Aden-After judicial investigations conducted in Brazil lately uncovered that a well-known arms trafficker imported weapons to Yemeni rebels in 2015, Asharq Al-Awsat spoke with the accused, Fares Mana’a, the famous Yemeni arms trafficker from the Saada province in the north of the country, who is expected to stand in Brazilian courts over the accusations against him.

Mana’a told Asharq Al-Awsat that he had not visited Brazil with a fake passport. However, he did not deny his visit to the country as a tourist, adding that he has the right to travel to any country he wanted.

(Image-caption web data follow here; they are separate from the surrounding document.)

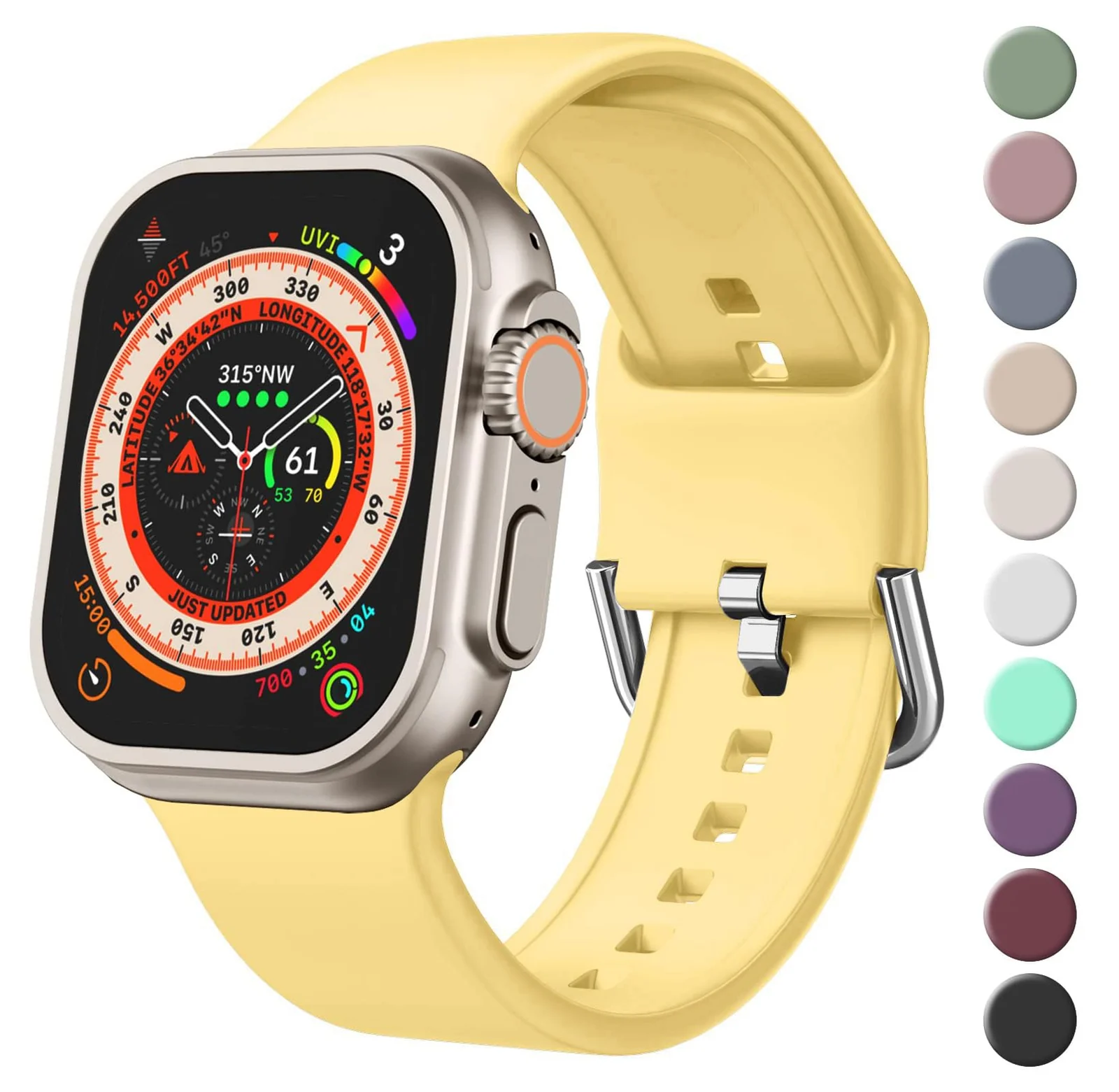 DL3 MOBILAK Strap Silicone Band For Apple Watch Ultra 49mm 45mm 44mm 42mm, Soft Silicone Wristbands Replacement Strap with Classic Clasp for iWatch Series SE 8 7 6 5 4 3 2 1 Ultra - Yellow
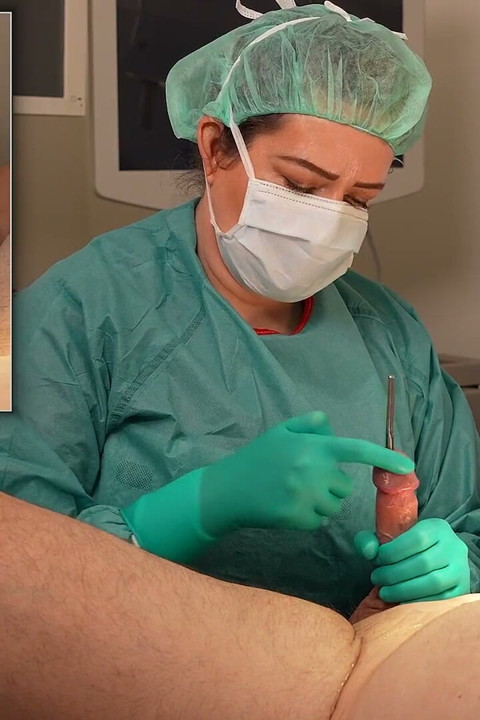 Sounding with Sterile Surgical Latex Gloves and Gown.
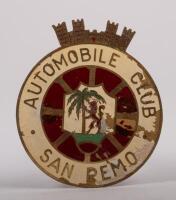 ITALY: A Automobile Club of San Remo badge with castle finial, 7cm in diameter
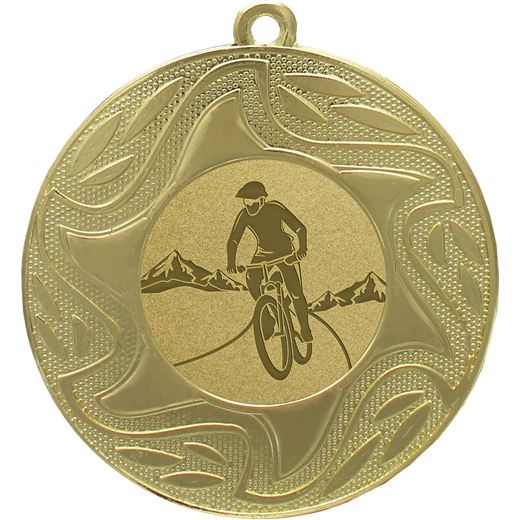 Sunburst Mountain Biking Medal Gold 50mm (2")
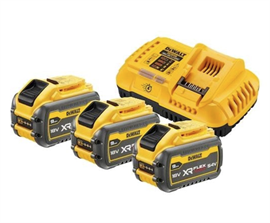 DeWALT FLEXVOLT 18-54V 9.0 ah Li-ion batterisæt med 3 x akku og oplader DCB118X3-QW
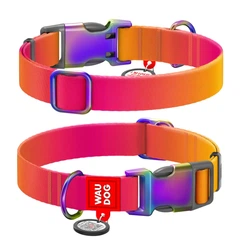 Collar Нашийник для собак з нейлону WAUDOG c QR паспортом, градієнт, L, Ш 25 мм, Довжина 33-49 см оранжевий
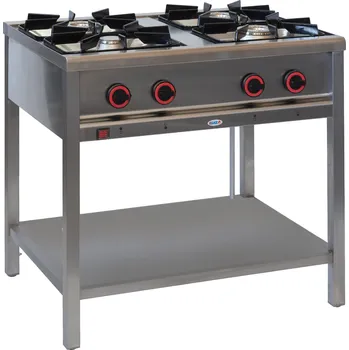 Sporák EGAZ Plynový gastronomický sporák 4-hořákový, 900x900x850 mm s policí, 1x3,5+1x5+1x7+1x9 kW | EGAZ, TG-425.III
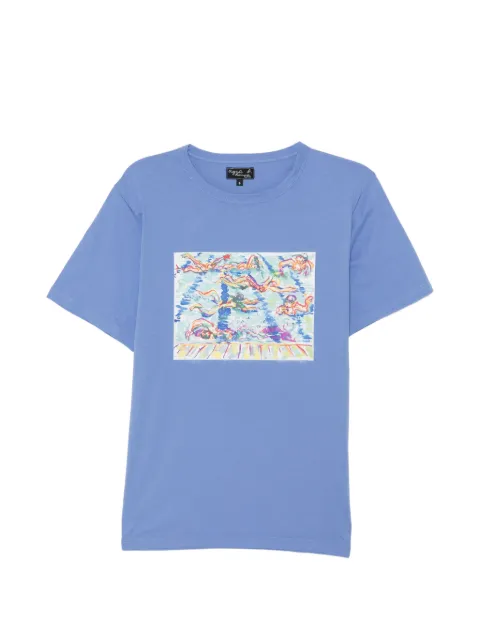 agnès b. graphic-print cotton T-shirt Blue EBK7SFP3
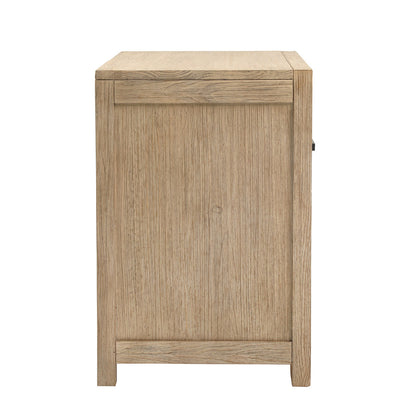 Light and Grey Warm Wash Finish Solid Pine Wood and Pine Veneer Nightstand 27.5 in Wide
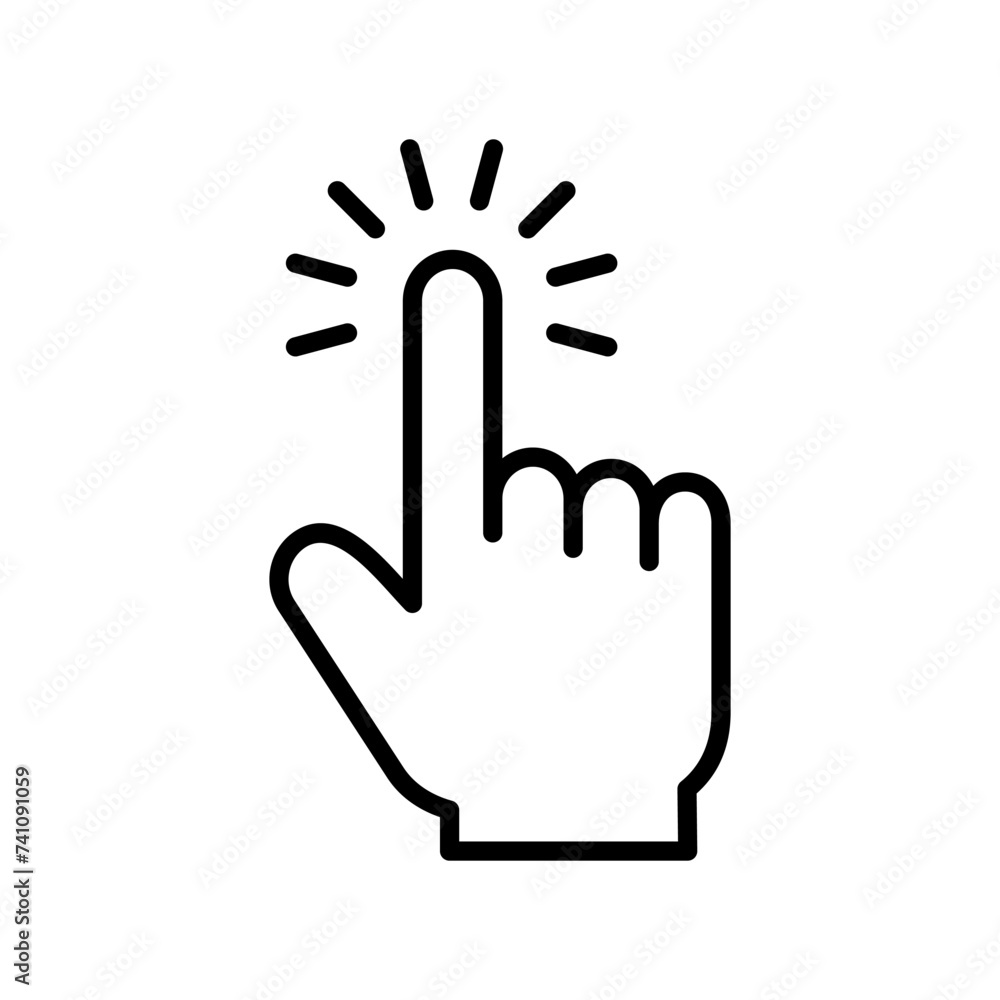 Hand click icon vector. pointer icon vector. hand cursor icon vector Hand click icon vector. pointer icon vector. hand cursor icon vector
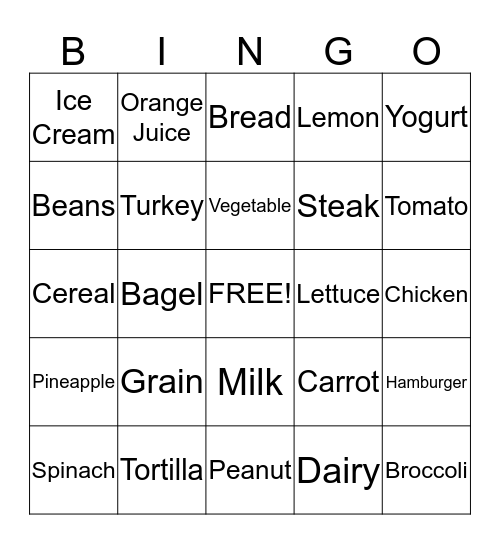 Food Group Bingo Card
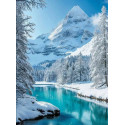 Алмазна мозаїка Бірюза серед снігу 40*50см S40121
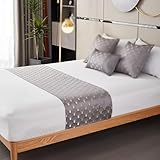 Camino de cama de hotel, bufanda, cubrecamas de lujo, decoración suave con diseño geométrico, protector de cama para dormitorio de boda, tamaño individual, queen y king, gris | 50 x 180 cm (1,2 m)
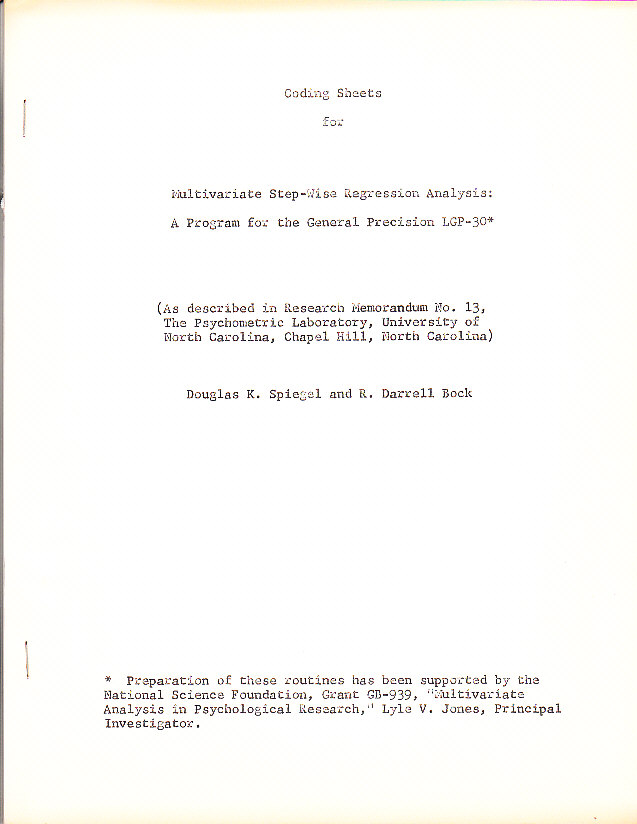 Coding Sheets for Mutlivariate Step-Wise Regression Analysis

Mana’a said that he travels using a diplomatic passport. He spoke to Asharq Al-Awsat over the phone from Saada province.

Mana’a did not refute that he imported weapons from Brazil to Yemen; however, he denied a report published by Reuters earlier quoting Brazilian judicial sources as saying Mana’a had visited Brazil in 2015.

Mana’a, who has a close relationship with former President Ali Abdullah Saleh, said reports about his visit to Brazil using a fake passport were “lies.”

Early this week, Reuters reported it received court documents saying that Brazil’s Forjas Taurus SA, the largest weapons manufacturer in Latin America, sold guns to Fares Mohammed Hassan Mana’a, an arms smuggler active around the Horn of Africa, who funneled them into his nation’s civil war in violation of international sanctions.

Separately, Yemeni rebels appointed on Thursday Major General Khalid Barras as a presidential advisor.

Barras had established a fake group of the Southern Movement in Sana’a.

Observers told Asharq Al-Awsat that the decision of the so-called “Supreme Political Council” to appoint a presidential advisor was a new escalatory step against the international community and the U.N. resolutions, which ban Yemen’s rebels from taking unilateral actions.

Meanwhile, U.N. Special Envoy to Yemen Ismail Ould Cheikh Ahmed and other international parties continue their efforts to revive peace talks between the Yemeni warring parties, expected to take place at a European capital.

In Berlin, Yemeni Deputy Prime Minister and Foreign Minister Abdelmalak Al-Mekhlafi said that his government was ready to participate in the next Yemeni peace talks.

However, he stressed that such participation should be based on previously reached agreements.